Pretender circunscribir a Silverio dentro de cualquier categoría musical es absurdo: si bien hace electrónica con evidentes concesiones breakbeat, no podemos reducirlo hasta ningún género en particular; del mismo modo, pretender reducirlo hasta la humorada clásica sería no respetar su trascendencia. Anida en él algo más profundo. Cualquier crítico que pretenda hacerse ver serio afirmará de su música que es fatua, sin valor musical estricto, en tanto no respeta concesiones ni géneros y, por extensión, es por sí misma inválida de ser juzgada como música; es un chiste, según esos hombres serios, como podría ser como podrían ser Ojete Calor o Putilatex. Lo afirmarán «irónico» para justificar un placer que «su responsabilidad social» sentencia como negativo. Aunque es posible entender que haya un componente humorístico de algún grado en su contenido, sería reducir su auténtica dimensión hasta el componente mínimo a través del cual se puede analizar. Es incómodo y absurdo, pero trasciende la condición de chiste: nos reímos con Silverio, pero es ofensivo.

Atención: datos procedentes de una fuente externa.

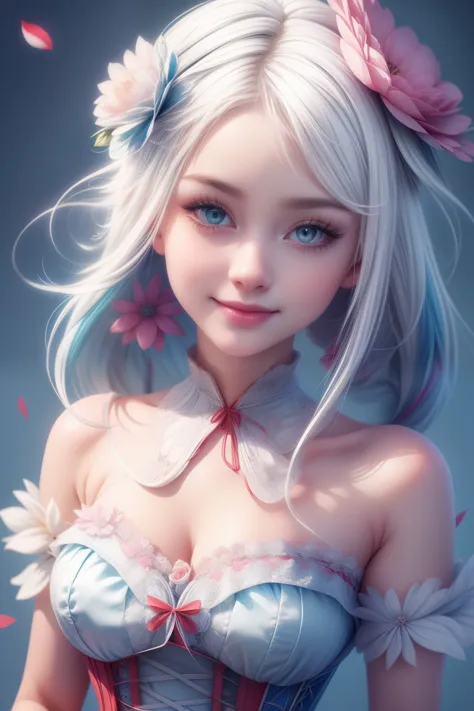 (1 cute girl), (white hair), grey eyes, wearing a beautiful light blue lace dress. White skin, flower art background, eye_detail...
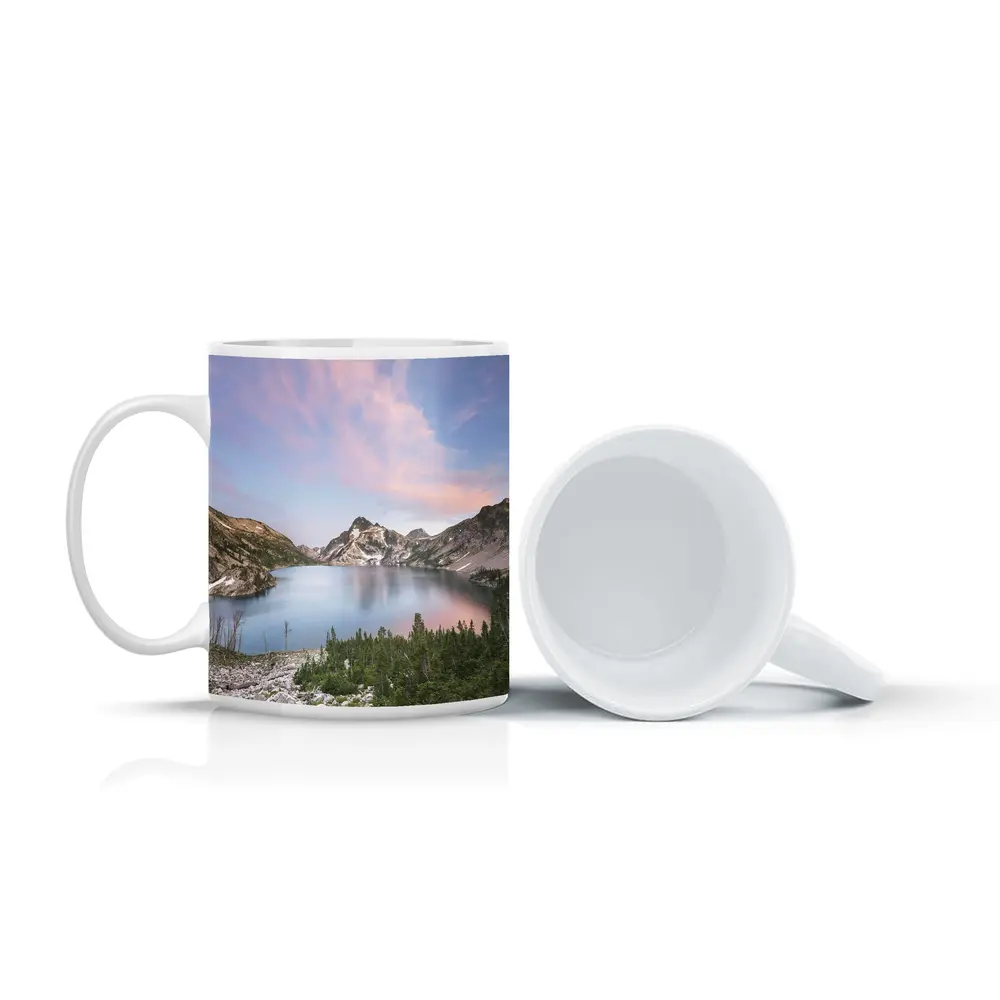Alpine Lake Mountain Sunset Pink Sky – Mugs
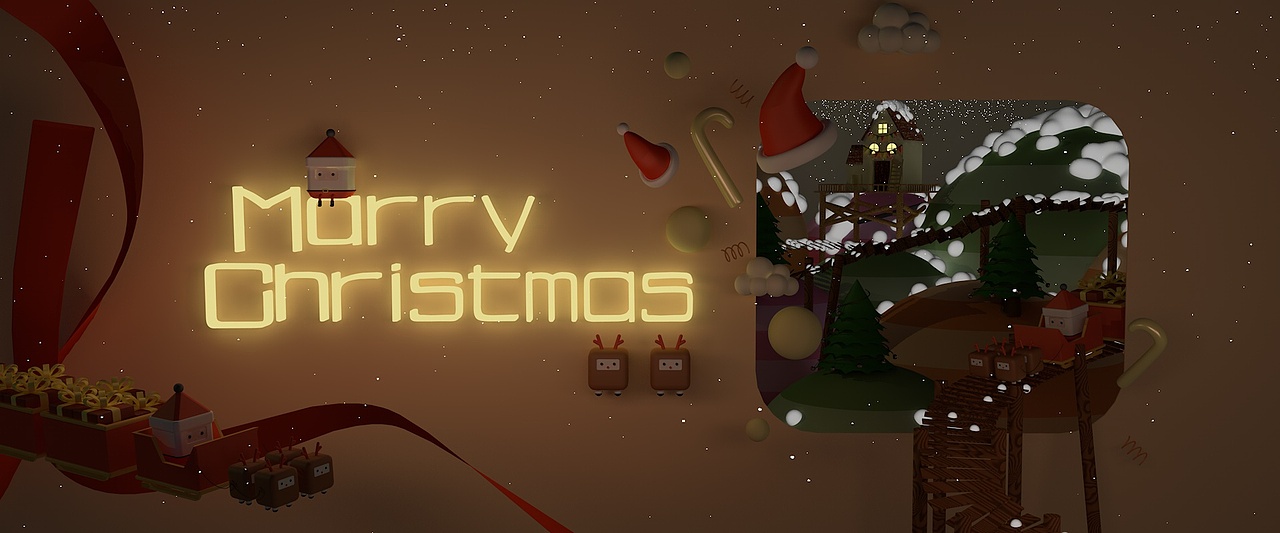 圣诞节主题C4Dbanner图~（图ZMTk0MDE0ODMy） - 其他平面 - 站酷设计师晴晴晴晴晴是阳光原创素材 - 站酷ZCOOL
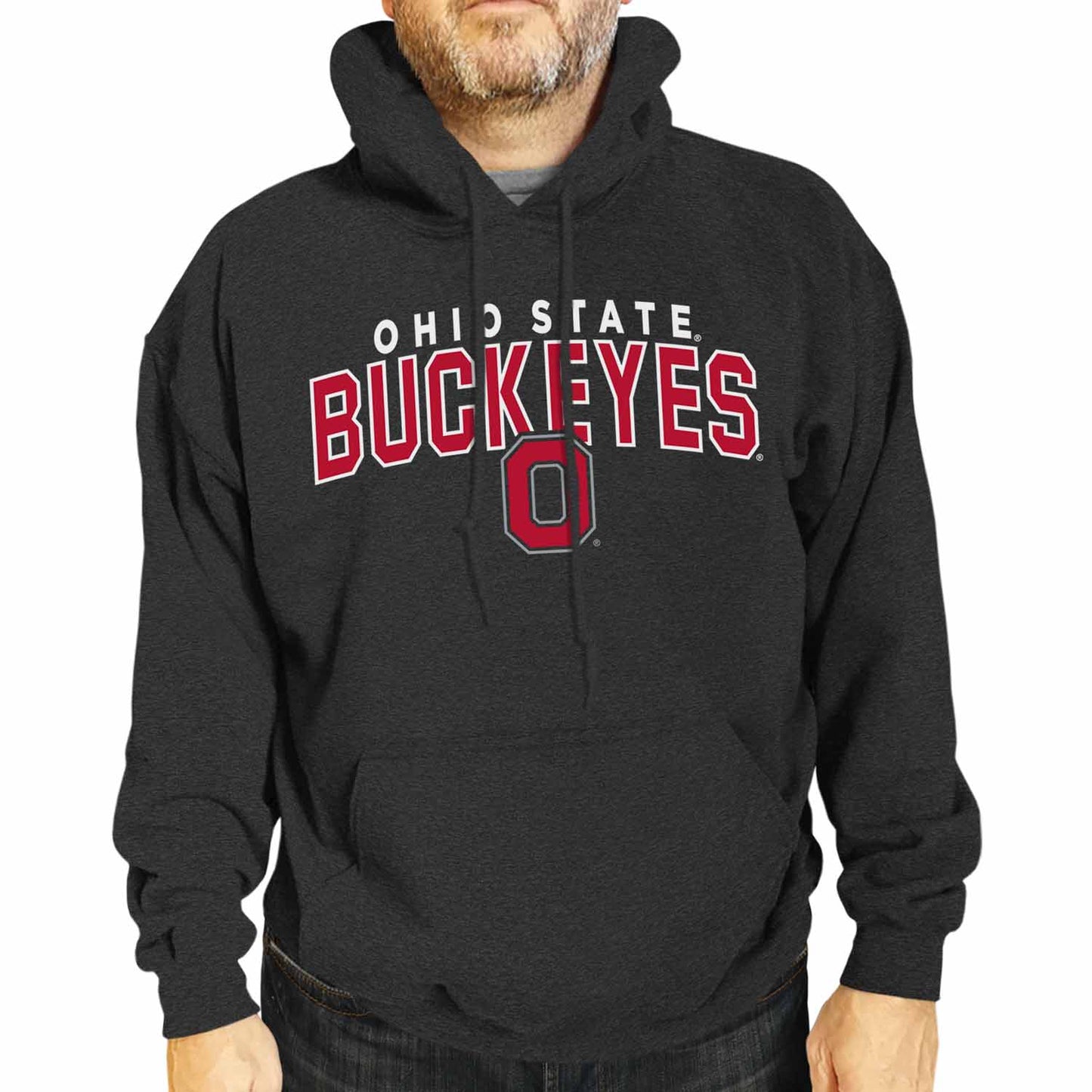Ohio State Buckeyes NCAA Adult Unisex Starting Fresh Heathered Hooded Fleece Sweatshirt - Black Heather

Hacer entender por qué es ofensivo es complejo no porque sea difícil comprender la ofensa, que de todos modos resulta clara, sino porque nos han educado de tal modo que no somos capaces de ver que exista ofensa, ya que debemos considerarlo fatuo. Nos ofende porque violenta nuestras concepciones: ni es música que podamos catalogar como «de valor» ni es sólo un chiste musicalizado, es algo que se sale del radar del buen gusto. Es ofensivo porque atenta de forma primaria contra cualquier concepción que tengamos respecto a la música, porque exige salirse de nuestros esquemas mentales naturales para asumir un paradigma donde Silverio debe ser interpretado sólo desde las necesidades internas de su propio discurso. Es una tesis anárquica sólo válida para sí misma.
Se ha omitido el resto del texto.